Aim of the exercise:
Copy every line of the data below exactly as given, except for the pictures.

Supplied material:
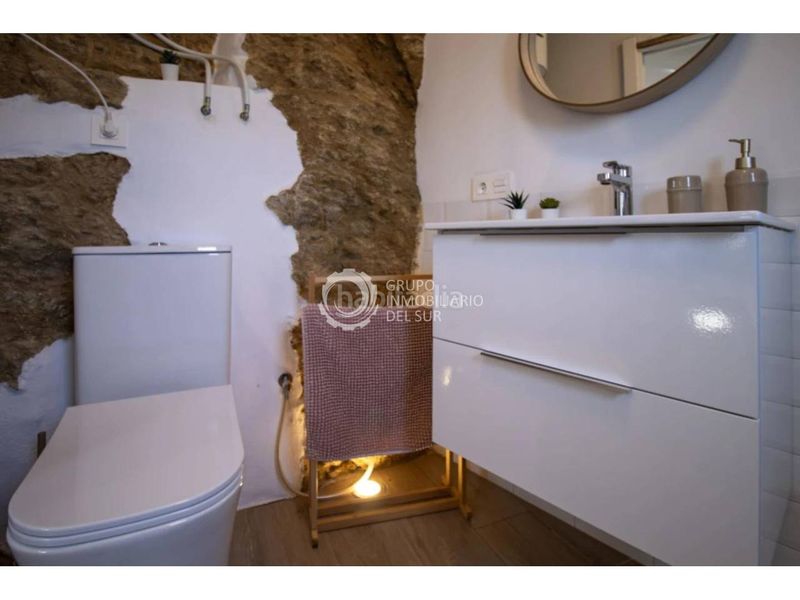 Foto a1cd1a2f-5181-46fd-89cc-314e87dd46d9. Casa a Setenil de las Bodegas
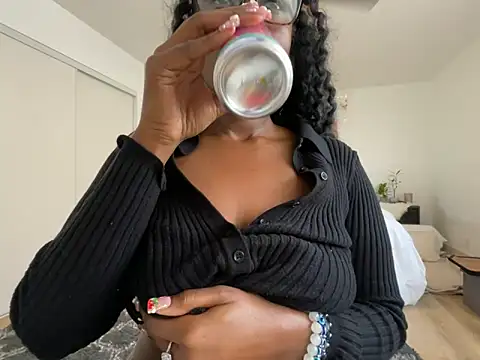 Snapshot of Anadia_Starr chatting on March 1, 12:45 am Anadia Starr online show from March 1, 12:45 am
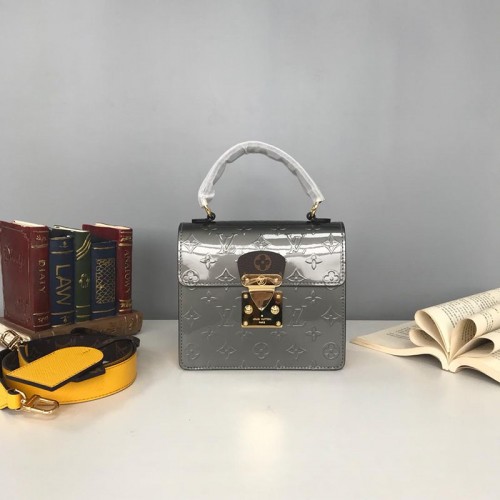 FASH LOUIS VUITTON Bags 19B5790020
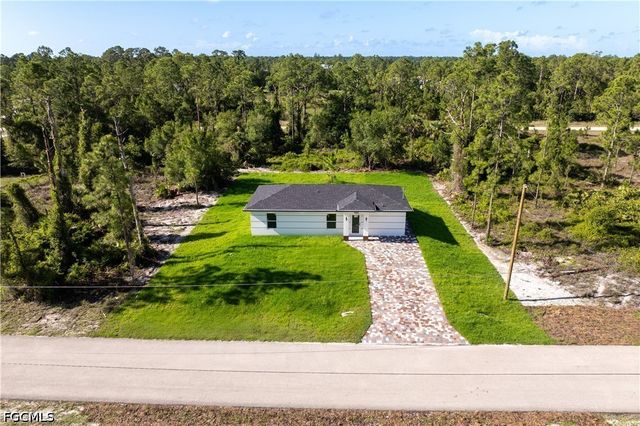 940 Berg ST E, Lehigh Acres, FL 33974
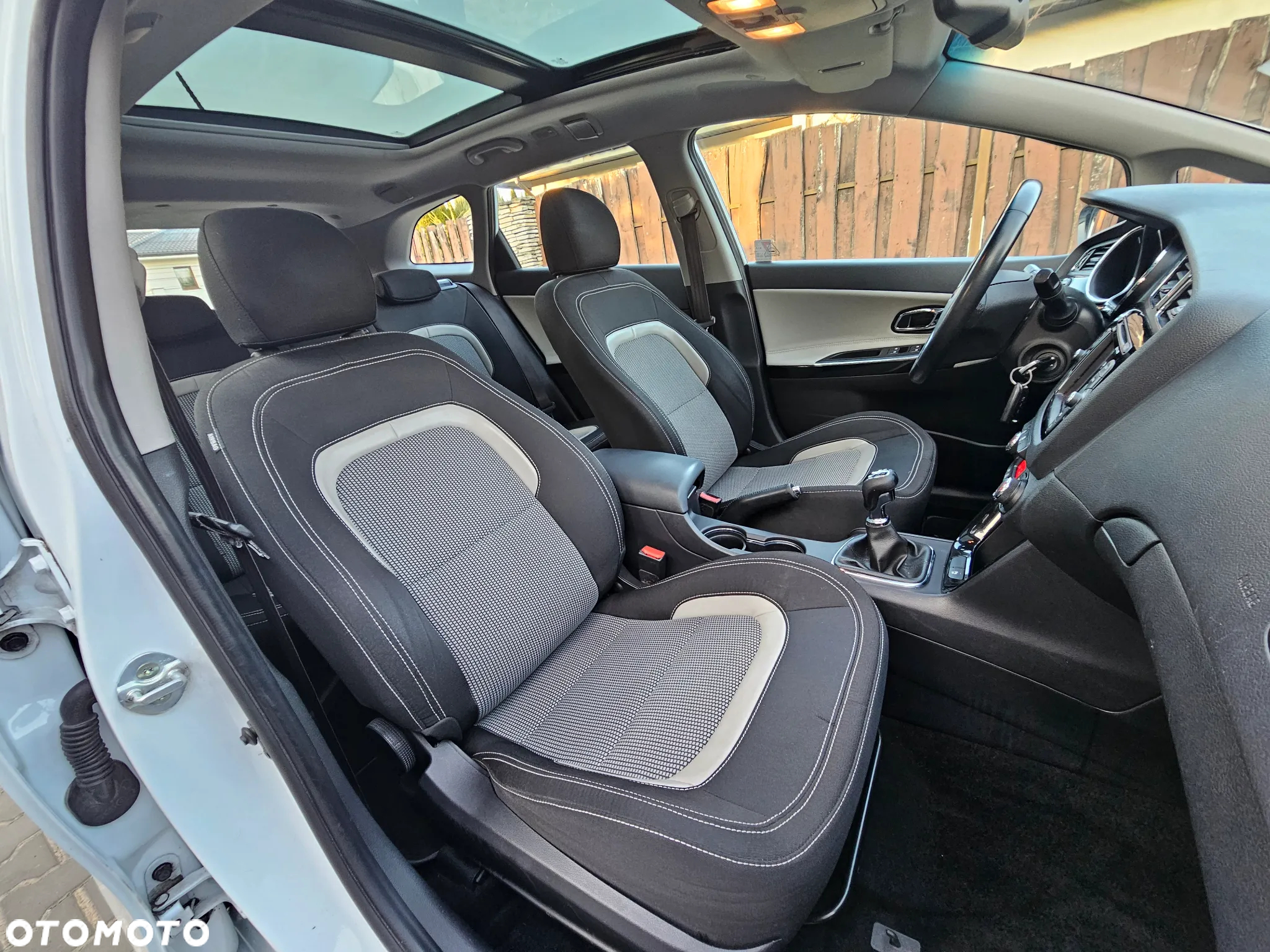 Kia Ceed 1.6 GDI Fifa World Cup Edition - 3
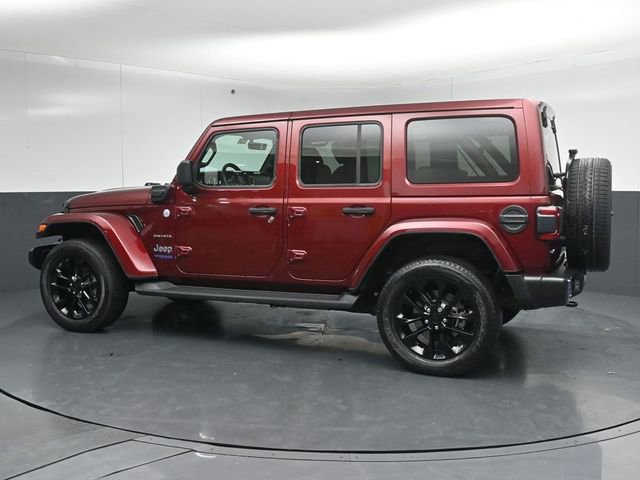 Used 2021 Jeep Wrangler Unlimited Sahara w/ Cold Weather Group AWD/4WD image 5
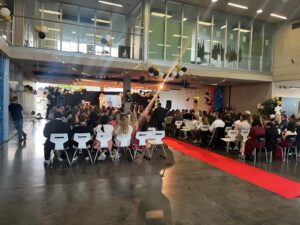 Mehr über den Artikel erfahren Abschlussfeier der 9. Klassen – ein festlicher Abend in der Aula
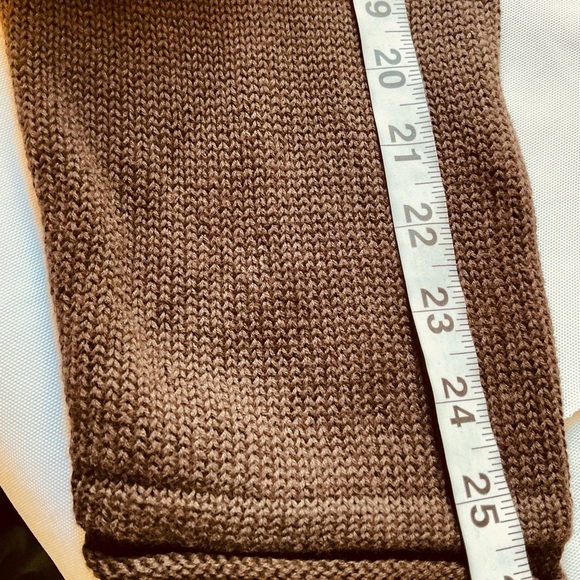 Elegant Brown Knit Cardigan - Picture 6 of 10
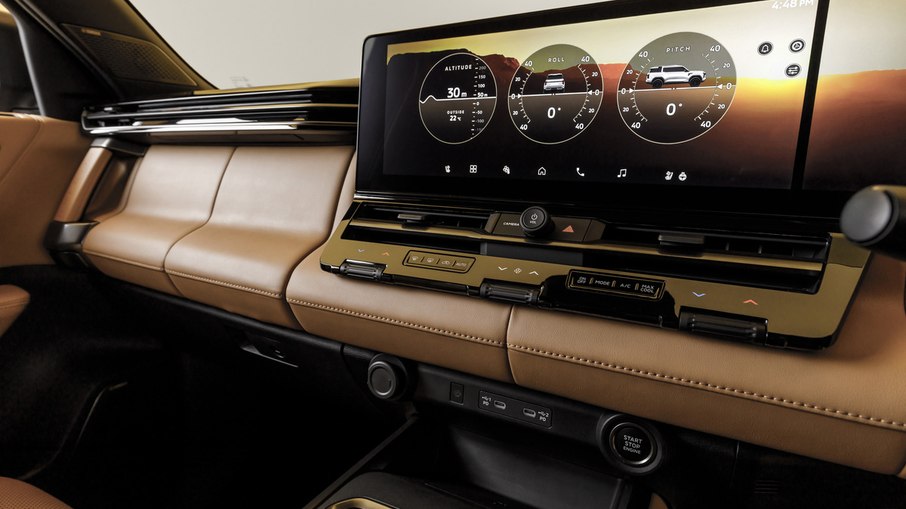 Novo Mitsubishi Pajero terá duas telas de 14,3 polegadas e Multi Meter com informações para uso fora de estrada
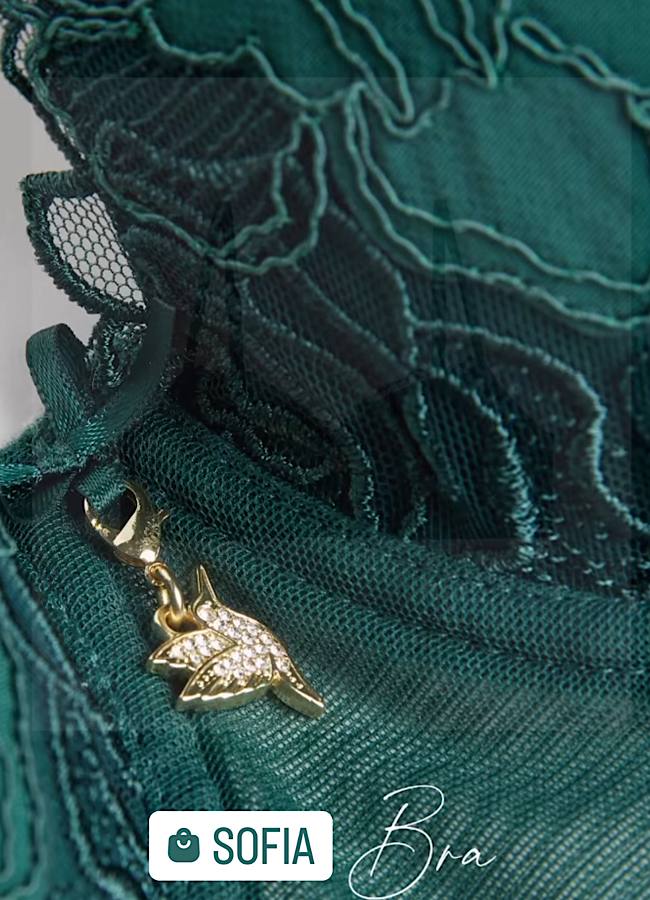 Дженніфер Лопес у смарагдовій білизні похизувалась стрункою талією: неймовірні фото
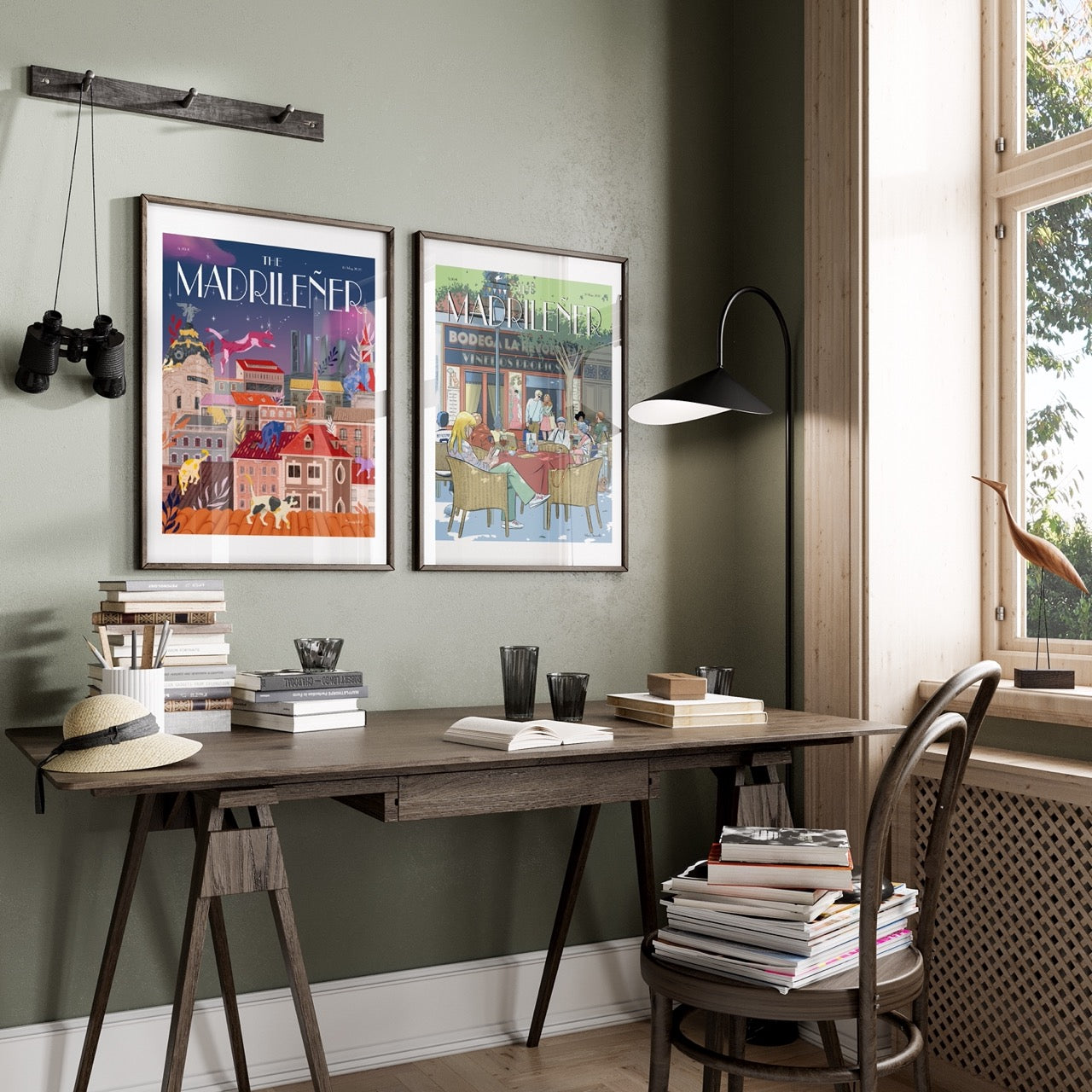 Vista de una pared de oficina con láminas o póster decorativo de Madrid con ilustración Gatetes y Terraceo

Response for this exercise:
 Foto a1cd1a2f-5181-46fd-89cc-314e87dd46d9. Casa a Setenil de las Bodegas
 Snapshot of Anadia_Starr chatting on March 1, 12:45 am Anadia Starr online show from March 1, 12:45 am
 FASH LOUIS VUITTON Bags 19B5790020
 940 Berg ST E, Lehigh Acres, FL 33974
 Kia Ceed 1.6 GDI Fifa World Cup Edition - 3
 Used 2021 Jeep Wrangler Unlimited Sahara w/ Cold Weather Group AWD/4WD image 5
 Mehr über den Artikel erfahren Abschlussfeier der 9. Klassen – ein festlicher Abend in der Aula
 Elegant Brown Knit Cardigan - Picture 6 of 10
 Novo Mitsubishi Pajero terá duas telas de 14,3 polegadas e Multi Meter com informações para uso fora de estrada
 Дженніфер Лопес у смарагдовій білизні похизувалась стрункою талією: неймовірні фото
 Vista de una pared de oficina con láminas o póster decorativo de Madrid con ilustración Gatetes y Terraceo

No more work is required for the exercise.